Delafeuille était fasciné par ses mains, ses gestes aristocratiques tandis qu’elle désignait tour à tour l’église, le restaurant gastronomique et le club du troisième âge.
– Nous irons bientôt, dit-elle en riant. Je veux dire, au restaurant.
Delafeuille rit aussi, cette fois par politesse. Il n’aimait pas trop penser à son âge.
Moins d’un kilomètre après la sortie du village, elle engagea la voiture dans une route étroite qui indiquait la direction d’un lieu-dit: les Trois Ormes. Quelques propriétés distantes et ombragées se succédèrent. La cinquième était celle de Luc. Delphine prit un bip sur la console centrale et le portail de fer forgé s’écarta à l’approche de la BMW.
– Nous y sommes, dit-elle.
Elle se gara à l’ombre d’un grand arbre qu’il renonça à identifier, à côté d’une autre voiture, un gros pick-up aux marche-pieds chromés comme on en voyait dans les films américains.
Devant eux des VTT étaient alignés sous un petit abri en bois.
Il mit pied à terre. Il ne découvrait pas vraiment la maison, dont Luc lui avait envoyé des photos par courriel. Mais elle était là dans son contexte, baignée de l’odeur des pins et du chant des oiseaux : une vieille maison de pierre avec un étage, flanquée d’un conduit de cheminée extérieur et d’une extension au design
moderniste, mélange savamment orchestré de grandes baies vitrées et de poutres de chêne. Une pelouse soigneusement entretenue, des massifs de fleurs, des cyprès. «Écoute, ce n’est pas la mafia russe, avait dit Luc au téléphone, mais c’est quand même une jolie petite maison avec piscine. Tu auras ta chambre, et même une entrée indépendante.»

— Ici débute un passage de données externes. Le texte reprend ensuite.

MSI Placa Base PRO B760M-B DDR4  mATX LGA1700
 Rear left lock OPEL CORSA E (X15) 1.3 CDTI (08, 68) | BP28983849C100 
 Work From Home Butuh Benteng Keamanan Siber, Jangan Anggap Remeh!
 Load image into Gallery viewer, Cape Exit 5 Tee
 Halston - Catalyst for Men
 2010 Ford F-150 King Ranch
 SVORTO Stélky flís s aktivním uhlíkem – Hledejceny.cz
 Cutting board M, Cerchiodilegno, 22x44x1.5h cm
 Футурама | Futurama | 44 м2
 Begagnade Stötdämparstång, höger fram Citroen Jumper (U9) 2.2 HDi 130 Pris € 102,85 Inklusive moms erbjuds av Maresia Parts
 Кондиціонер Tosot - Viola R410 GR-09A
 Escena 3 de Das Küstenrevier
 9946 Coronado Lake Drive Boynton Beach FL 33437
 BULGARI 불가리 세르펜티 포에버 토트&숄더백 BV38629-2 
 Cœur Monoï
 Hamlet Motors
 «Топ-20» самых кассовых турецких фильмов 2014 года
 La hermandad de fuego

Il chercha la piscine des yeux, ne la vit nulle part, en conclut qu’elle devait être derrière la maison et qu’il y avait donc encore du terrain. Luc faisait partie de ces rares privilégiés qui arrivent à vivre de leur plume, et semblait-il, à en vivre très bien. Rien d’étonnant. Par curiosité, Delafeuille avait regardé où en étaient ses ventes avant de venir. De ce côté-là, tout allait bien, les GfK étaient bons. Il se sentit flatté de faire partie de ses amis, et même d’être suffisamment intime pour qu’on l’invite à passer quelques jours avant l’arrivée de l’automne.
– Je vais vous montrer votre chambre. Luc s’est enfermé dans son cabanon. Il a dit qu’il nous rejoindrait pour l’apéritif. Donc, je ne sais pas, si vous voulez d’abord vous rafraîchir…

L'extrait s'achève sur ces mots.